──────── Extracted records
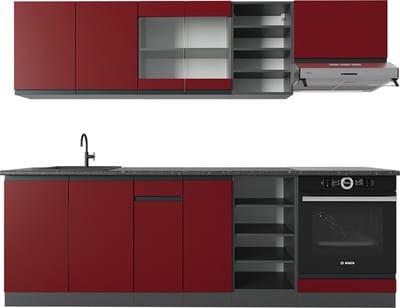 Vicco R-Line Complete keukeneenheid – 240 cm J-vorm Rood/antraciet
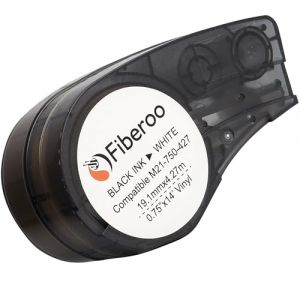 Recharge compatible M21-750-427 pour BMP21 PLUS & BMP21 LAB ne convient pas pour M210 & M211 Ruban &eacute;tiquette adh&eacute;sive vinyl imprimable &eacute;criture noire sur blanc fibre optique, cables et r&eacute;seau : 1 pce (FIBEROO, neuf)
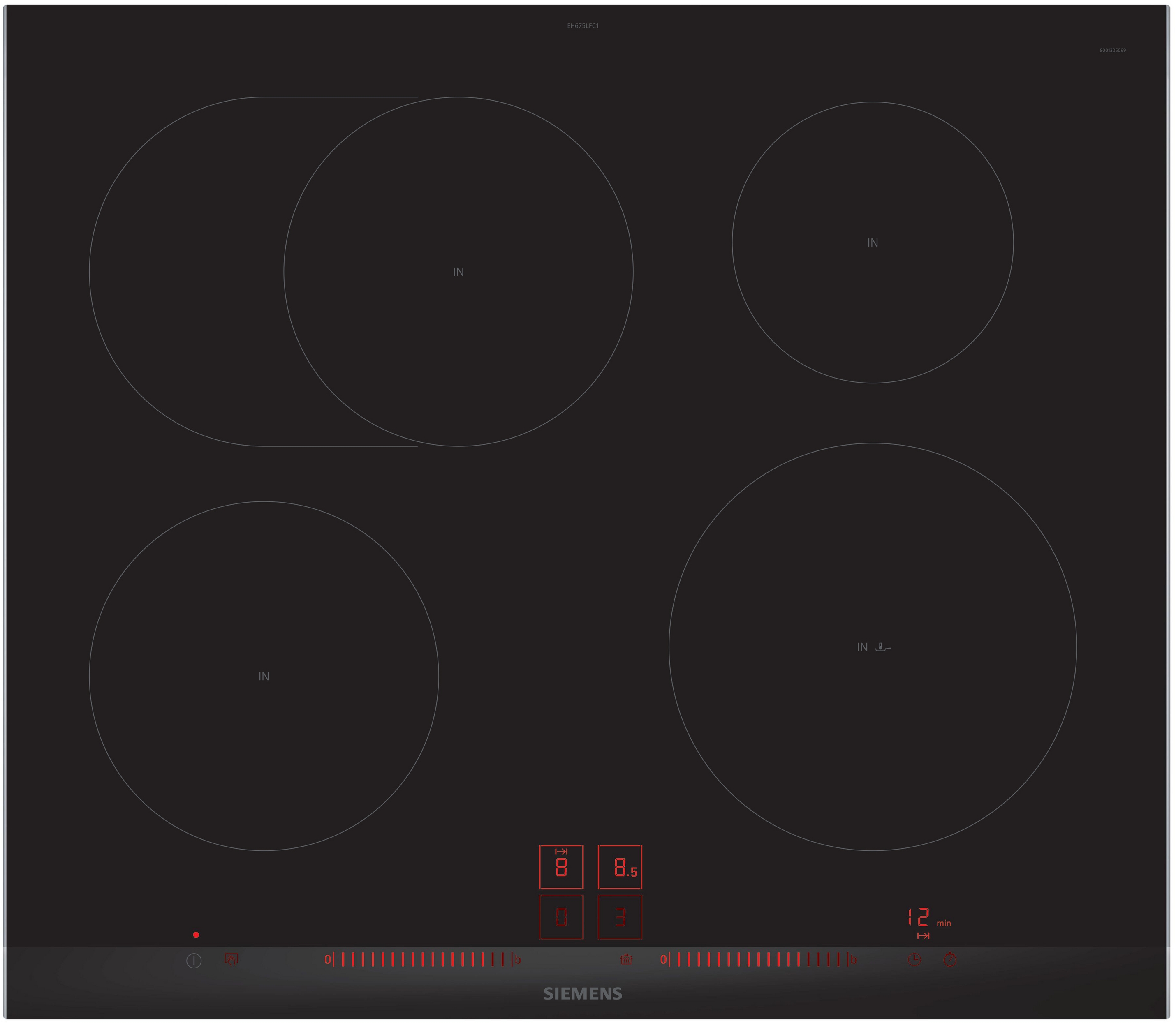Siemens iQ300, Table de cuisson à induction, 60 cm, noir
────────────────
──────── Extracted records
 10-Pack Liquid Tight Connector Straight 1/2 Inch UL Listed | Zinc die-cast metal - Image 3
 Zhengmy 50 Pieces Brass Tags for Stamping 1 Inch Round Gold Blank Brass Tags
────────────────
* The problem *
Return word for word the lines of the listing above, starting at the line with "Vicco R-Line Complete" and ending at the line with "Siemens iQ300, Table", both included. Pictures do not belong in the copy.

* Answer space *
 Vicco R-Line Complete keukeneenheid – 240 cm J-vorm Rood/antraciet
 Recharge compatible M21-750-427 pour BMP21 PLUS & BMP21 LAB ne convient pas pour M210 & M211 Ruban &eacute;tiquette adh&eacute;sive vinyl imprimable &eacute;criture noire sur blanc fibre optique, cables et r&eacute;seau : 1 pce (FIBEROO, neuf)
Siemens iQ300, Table de cuisson à induction, 60 cm, noir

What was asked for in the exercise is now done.